Clean and Green is a state program designed to preserve agricultural and forest land. It provides a real estate tax benefit to landowners of 10 or more acres that assesses land on the basis of its use value, rather than on its market value.
Leasing for gas drilling or oil exploration on its own is not a breach of the Preferential Assessment (another name for Clean and Green) program. The actual drilling for gas or oil on a property under Preferential Assessment is considered a breach of the regulations, he said.
A memo released by Nolan on April 24 states what happens to a landowner.
The memo reads: Before any drilling, the Preferential Assessment regulations require a 30-day notice in writing to the Wayne County Chief Assessor to avoid a $100 civil penalty. When drilling occurs, rollback taxes, plus penalty and interest, are due on all property recorded in the Preferential Assessment document. The roll-back taxes plus penalty and interest are for the time period the Preferential Assessment has been received not to exceed seven years.
In other words, youd have to pay all those taxes you avoided by belonging to Clean and Green, all the way back seven years.
The memo goes on: The drilling area (five acres) will be changed to the land-use category of ineligible and assessed at normal value. The remaining Preferential Assessment land will remain as before.

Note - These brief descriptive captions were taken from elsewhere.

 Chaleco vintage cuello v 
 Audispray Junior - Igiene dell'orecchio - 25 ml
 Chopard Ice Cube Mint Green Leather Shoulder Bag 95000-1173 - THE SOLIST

In other words, youd still be in the Clean and Green program, except for the area where drilling took place. A revised Clean and Green document is needed for each drilling area.

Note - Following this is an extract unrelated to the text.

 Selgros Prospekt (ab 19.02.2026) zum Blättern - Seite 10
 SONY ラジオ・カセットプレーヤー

When the drilling is done and the ineligible land has been returned to the Preferential Assessment land-use category, it may again receive a Preferential Assessment.
In New York, whether the receipt of hefty checks will affect your tax assessment, and thus your property taxes, will be determined by each towns assessor, said Linda Levine, director of the Sullivan County Real Property Tax Service. The county has no tax assessment office, only the towns do, she said.
We may give them some advice about how to compute the assessed value after gas is discovered, but in the final analysis, it is the job of each towns assessors to determine what that value is, said Joe Hesch, spokesman for the New York State Office of Real Property Services (ORPS).
Property is to be assessed according to what its value is. So whatever makes the property more valuable, then its going to be assessed at that value. Its that simple, said Ira Cohen, Sullivan County Treasurer. Since the state ORPS doesnt have a regulation on this, the town assessors have the freedom to compute a new assessment, he said.